Maine Senators Eric Brakey and Garrett Mason introduced a legislative proposal to study the use of blockchain technology for election purposes. The proposal includes an emergency preamble, thereby waiving the procedural rule stating “acts and resolves of the Legislature do not become effective until 90 days after adjournment unless enacted as emergencies.” The Maine legislature allows for emergency legislation when “in the judgment of the Legislature, the facts create an emergency within the meaning of the Constitution of Maine and require the following legislation as immediately necessary for the preservation of the public peace, health and safety.”
S. P. 305 calls for a commission to “study the potential uses for blockchain technology to support and enhance Maine’s current paper ballot election system for the purpose of improving paper ballot security, increasing election transparency and reducing costs.” If approved, the commission would consist of bipartisan legislators from the Senate and House as well as representatives from the offices of the Secretary of State and Attorney General. At the end of the study, the commission is to submit a report that “includes its findings and recommendations, including suggested legislation, for presentation to the Second Regular Session of the 128th Legislature” by December 6, 2017.

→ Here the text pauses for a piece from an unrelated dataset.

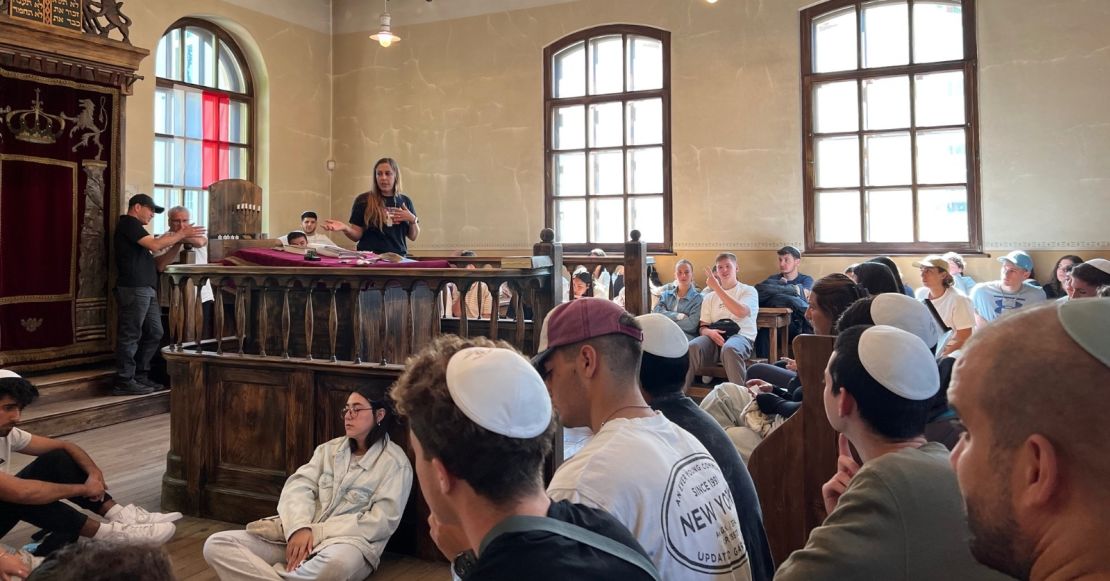 Hila Weisz-Gut is seen educating visitors at the Oshpitzin Jewish Museum in Oświęcim.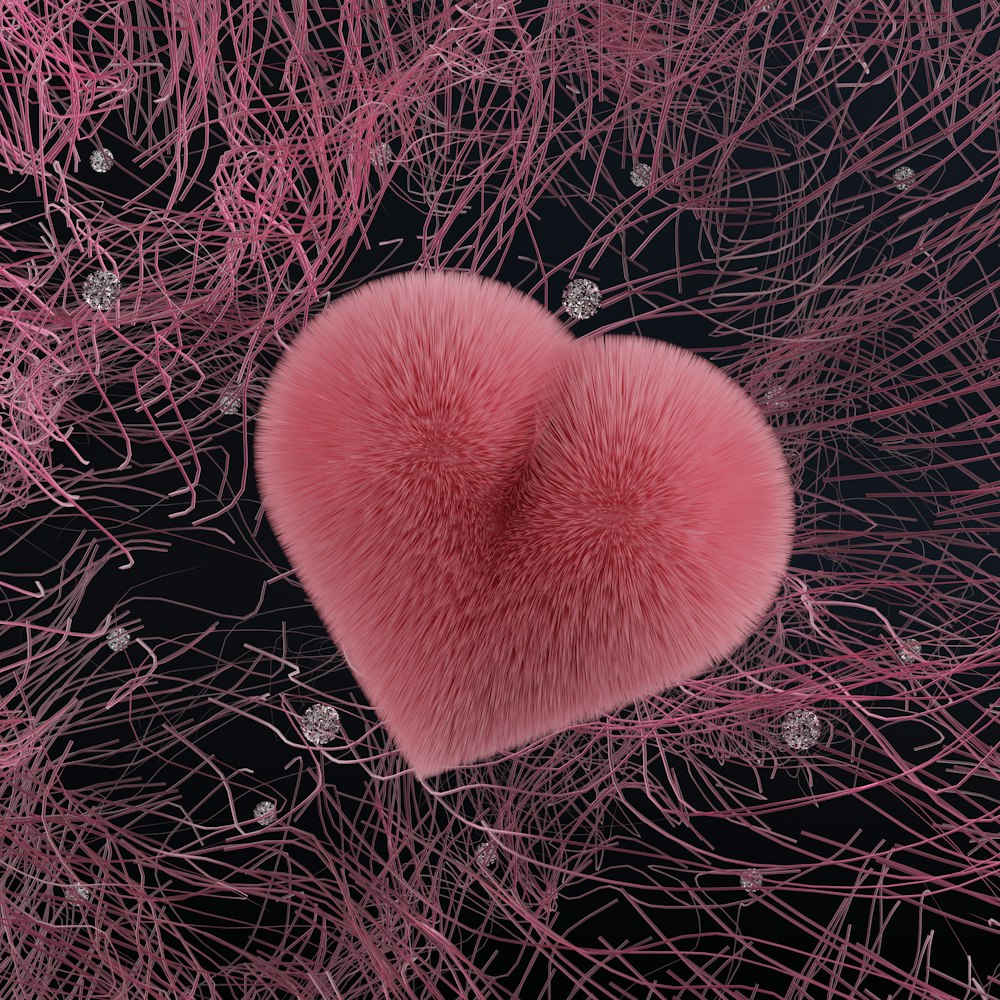 a pink heart on a black background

Incorporating blockchain technology into voting procedures and systems has been widely considered in the global public and private sectors. Recently, Voatz, a Boston-based company, has announced a phone-based application that would allow individuals to cast their votes from their personal smartphones, which includes “mobile-focused security, voter anonymity, verifiability, and irrefutability by utilizing a secured smartphone, a multi-source ID verification process, advanced biometrics, and Blockchain based irrefutability.” Voting and election-related use cases for the blockchain have been the focus of many developers as it highlights some of the best features of the technology: transparency, accountability, and reduced fraud. If the commission is approved, Maine will be the first state to consider using blockchain technology in its election procedures. Hopefully, the final report will include important legislation that will undoubtedly enhance elections and protect against voter fraud.